→ Task objective: Reproduce the lines of the material exactly, excluding every image.

-- Opening Marker --

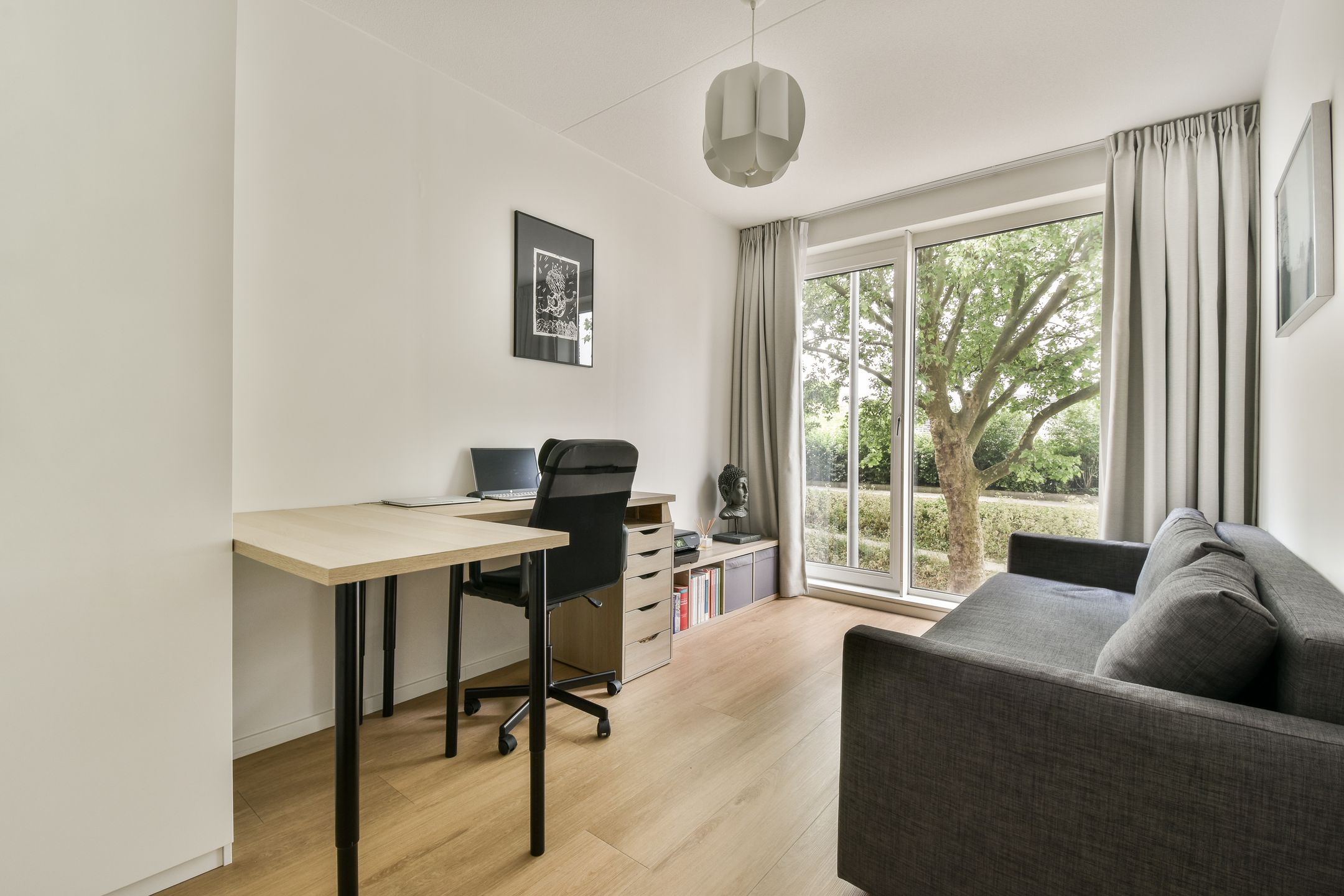 Foto 18 van Hudsonstraat 163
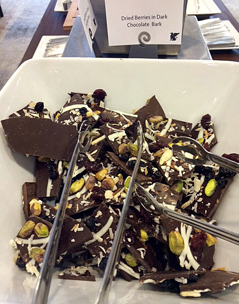 2015_0227_BerriesChocBark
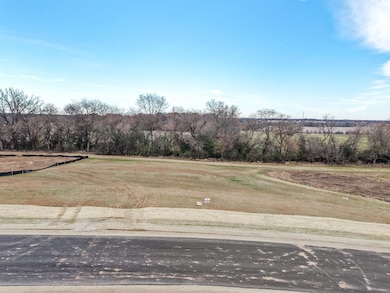 Lot 6 Hawks View Dr, Edgerton, WI 53534 - photo 3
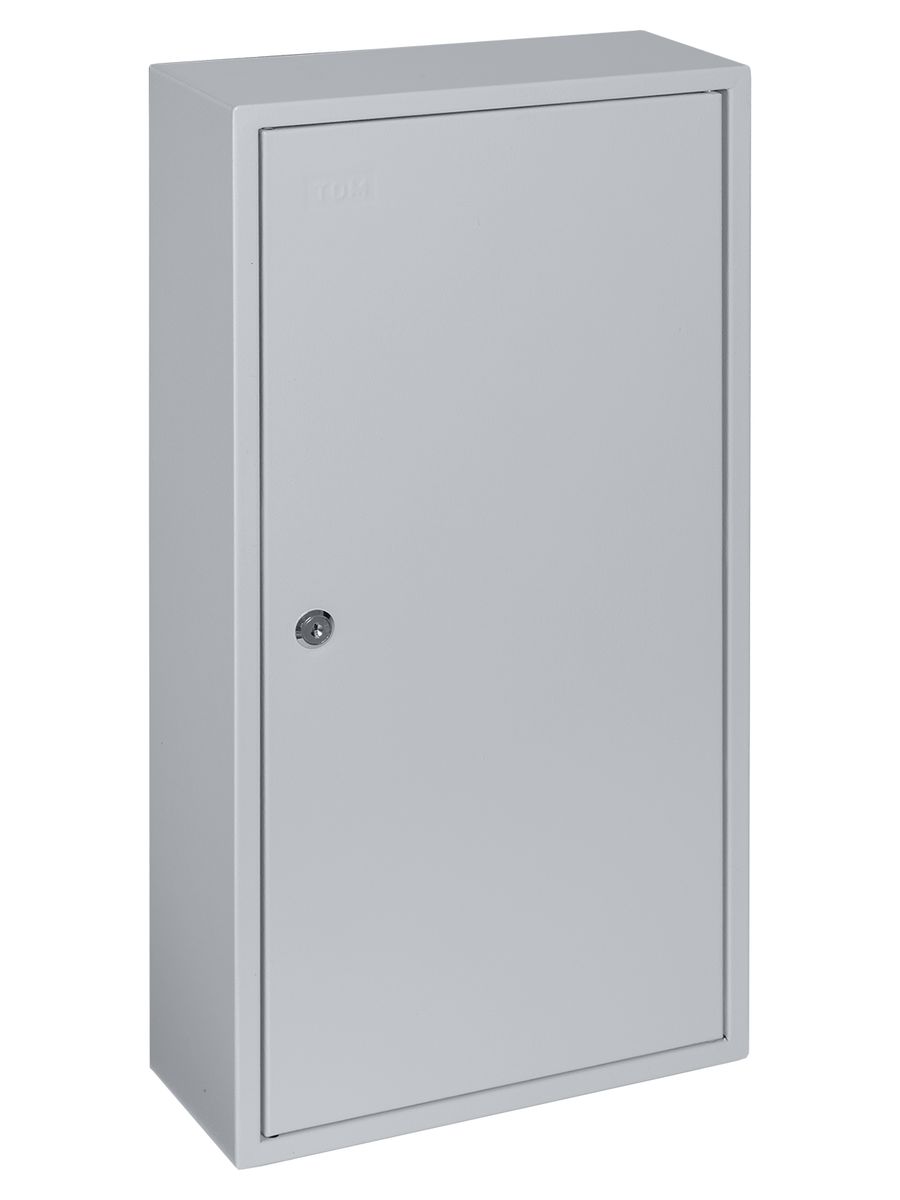 Корпус шкафа ЩРН-48 SQ0905-0016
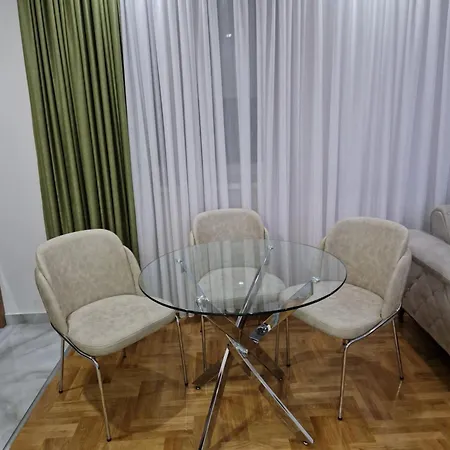 Ana * Bijeljina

-- Closing Marker --

→ Output:
 Foto 18 van Hudsonstraat 163
 2015_0227_BerriesChocBark
 Lot 6 Hawks View Dr, Edgerton, WI 53534 - photo 3
 Корпус шкафа ЩРН-48 SQ0905-0016
 Ana * Bijeljina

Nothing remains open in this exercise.